The award-winning film is heart-wrenching to say the least, but Billy’s dancing
scenes are so full of skill and joy that we just can’t tear our eyes away from
this treasure of a film.

Fame: Long before the days of High School Musical, Fame (1980) followed a group of students of
New York High School of Performing Arts from auditions through senior year. The
film portrays young talented actors, singers and musicians as they struggle to
meet the demands of the competitive world of the arts. One of the greatest scenes in this dynamic
film takes place on the streets of New York City when a proud father discovers
the tape of his son’s music and begins blaring a song from his car, resulting
in the impromptu dancing of dozens of students through the streets.

Center Stage:
The prestigious (and fictitious) American Ballet Academy sets the scene for
this drama about twelve young ballerinas competing against each other and the
rest of their classmates for six coveted spots in the American Ballet Company.
Many scenes take place in the dance studio during gruelling hours of classes
and rehearsals, but the final performance of the film is a stunning scene, when
Amanda Schull dances ballet ‘for the people’ to a list of popular music
including Michael Jackson’s ‘The Way You Make Me Feel,’ making many girls wish
that they’d never put down their pointe shoes.

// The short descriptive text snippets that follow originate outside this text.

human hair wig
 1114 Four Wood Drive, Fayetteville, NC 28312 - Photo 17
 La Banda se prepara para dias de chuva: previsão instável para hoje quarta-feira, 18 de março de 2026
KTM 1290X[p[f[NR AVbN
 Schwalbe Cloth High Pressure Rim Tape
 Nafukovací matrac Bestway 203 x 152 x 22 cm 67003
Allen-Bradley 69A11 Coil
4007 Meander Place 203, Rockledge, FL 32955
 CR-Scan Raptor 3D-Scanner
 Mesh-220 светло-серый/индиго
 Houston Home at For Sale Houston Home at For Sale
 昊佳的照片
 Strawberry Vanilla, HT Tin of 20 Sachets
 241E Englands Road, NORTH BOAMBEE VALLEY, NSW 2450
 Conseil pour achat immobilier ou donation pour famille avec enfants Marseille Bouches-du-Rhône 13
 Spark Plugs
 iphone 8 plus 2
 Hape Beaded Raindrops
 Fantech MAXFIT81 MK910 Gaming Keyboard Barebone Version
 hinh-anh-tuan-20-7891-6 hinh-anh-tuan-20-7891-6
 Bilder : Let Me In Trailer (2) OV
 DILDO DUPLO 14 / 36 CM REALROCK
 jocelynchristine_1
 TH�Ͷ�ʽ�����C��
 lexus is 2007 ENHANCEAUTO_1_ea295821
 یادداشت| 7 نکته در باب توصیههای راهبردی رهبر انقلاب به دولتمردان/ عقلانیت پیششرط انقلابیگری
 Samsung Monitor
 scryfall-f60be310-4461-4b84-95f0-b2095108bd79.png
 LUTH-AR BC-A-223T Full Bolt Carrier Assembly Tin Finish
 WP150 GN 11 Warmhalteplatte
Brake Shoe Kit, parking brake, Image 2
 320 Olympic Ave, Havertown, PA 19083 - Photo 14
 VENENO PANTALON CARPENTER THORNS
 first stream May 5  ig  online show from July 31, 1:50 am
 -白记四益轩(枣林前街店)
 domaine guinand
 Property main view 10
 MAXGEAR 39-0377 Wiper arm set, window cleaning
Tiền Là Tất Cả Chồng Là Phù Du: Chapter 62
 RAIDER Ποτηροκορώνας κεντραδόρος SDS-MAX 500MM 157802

What is a boy from Chicago to do when he moves to a small town where dancing is
strictly forbidden? The 1984 film starring Kevin Bacon is the tale of how one
boy turned this small religious town on its head. It takes a lot of persuasion,
but the main character eventually convinces the town’s adults that singing and
dancing are not evil activities, and everyone is rewarded with a high school
prom! The high-energy final scene reveals that these kids had the moves all
along, even if they weren’t using them.

Mad Hot
: This
award-winning documentary is a moving story about a ballroom dance competition
with the unlikeliest of participants. Fifth graders from various neighbourhoods
in New York City are filmed as they set out to learn, train and compete in
swing, meringue, foxtrot and tango. The students find that they learn more than
just a few dance moves as the program gives them confidence, discipline and the
will to succeed. Before our eyes we see
lives transformed along with some incredible dance moves.

Shall We Dance?:
This remake of a Japanese film proves that old dogs can learn new tricks. John
Clark (Richard Gere) is on his daily commute home from his boring job as a
lawyer when Paulina’s (Jennifer Lopez) gaze catches his eye through a dance
studio window. Although he makes a fool
of himself in the beginning, Clark soon discovers that it’s never too late to
discover a new passion. Although he hides it from his wife (Susan Sarandon) at
first, his dancing eventually brings them closer than ever.

Dirty Dancing: There may not be a steamier dance flick than Dirty Dancing.  When Baby (Jennifer Grey) carries the
infamous watermelon to the staff dance party at the Kellerman’s summer resort
and sees the cool kids dancing when no one is looking, she falls hard for the
smooth moves of dance instructor Johnny (Patrick Swayze.) The unlikely duo
dance their way through the summer and straight into love. While the final
scene in the film has certainly become iconic, there are too many other
wonderful dance scenes in this film to count.